On October 4, 2013, Governor Jerry Brown signed into law Assembly Bill (“AB”) 1173, which reduces from 20 percent to 5 percent the additional California tax on nonqualified deferred compensation that fails to comply with Section 409A of the Internal Revenue Code (“Section 409A”). This rate reduction is effective January 1, 2013.

Section 409A applies to nonqualified deferred compensation that an employee or other service provider earns or has a legally binding right to receive in one tax year, but that is not payable until a later tax year. In order to avoid unfavorable tax treatment, such compensation arrangements must meet certain requirements, including advance elections as to the form and time of distribution, restrictions on distribution events, and a 6-month delay of severance payments to key employees of public companies.

If these requirements are not met, the deferred compensation will become subject to ordinary federal income tax as of the date on which the payment is no longer subject to a substantial risk of forfeiture. Section 409A also imposes a 20 percent additional federal income tax and an additional federal interest-based tax.

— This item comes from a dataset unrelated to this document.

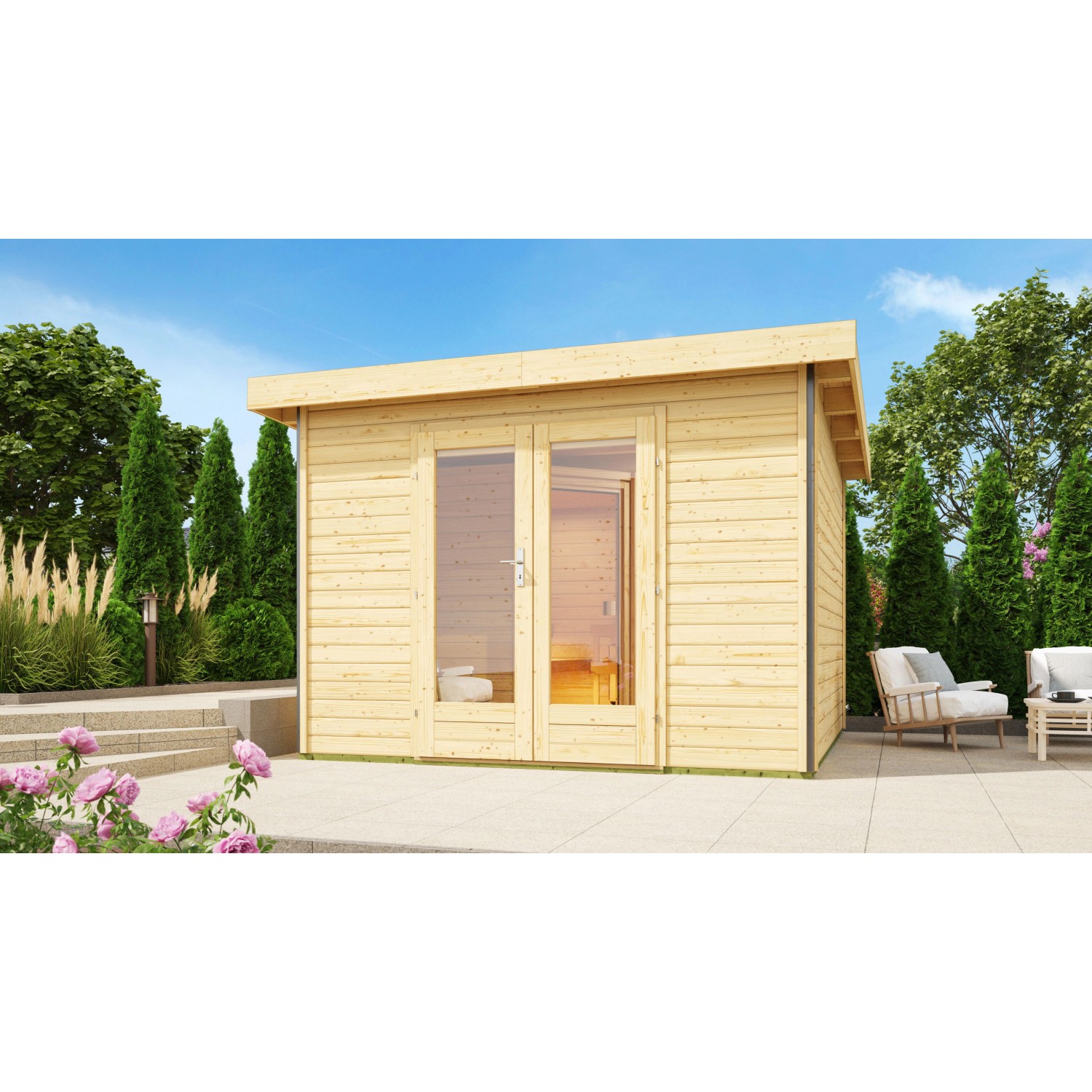 Karibu Saunahaus Magnus 1 Set A Natur mit Ofen 9 kW ext. Strg.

Prior to the enactment of AB 1173, California generally followed Section 409A, including the 20 percent additional tax for Section 409A noncompliance. Doing so effectively doubled the additional tax for nonqualified deferred compensation arrangements that do not comply with Section 409A. This has been widely viewed as unfair since the additional 20 percent California tax greatly exceeded the regular California income tax rate.

Furthermore, in combination with the already high additional federal tax imposed by Section 409A, California’s conforming additional tax was largely seen as punitive, given that service providers, who ultimately bear the cost of any Section 409A noncompliance, typically have little control over the timing and payout of their compensation. Even if the service provider had not yet been paid any of the compensation in question, Section 409A can trigger a taxable event and result in taxation.

The reduction of California’s additional state income tax rate on Section 409A noncompliance from 20 percent to 5 percent is welcome relief to California taxpayers. However, the relief provided by AB 1173 is limited to this additional tax rate reduction, and does not reduce California’s interest-based tax or other consequences resulting from Section 409A violations.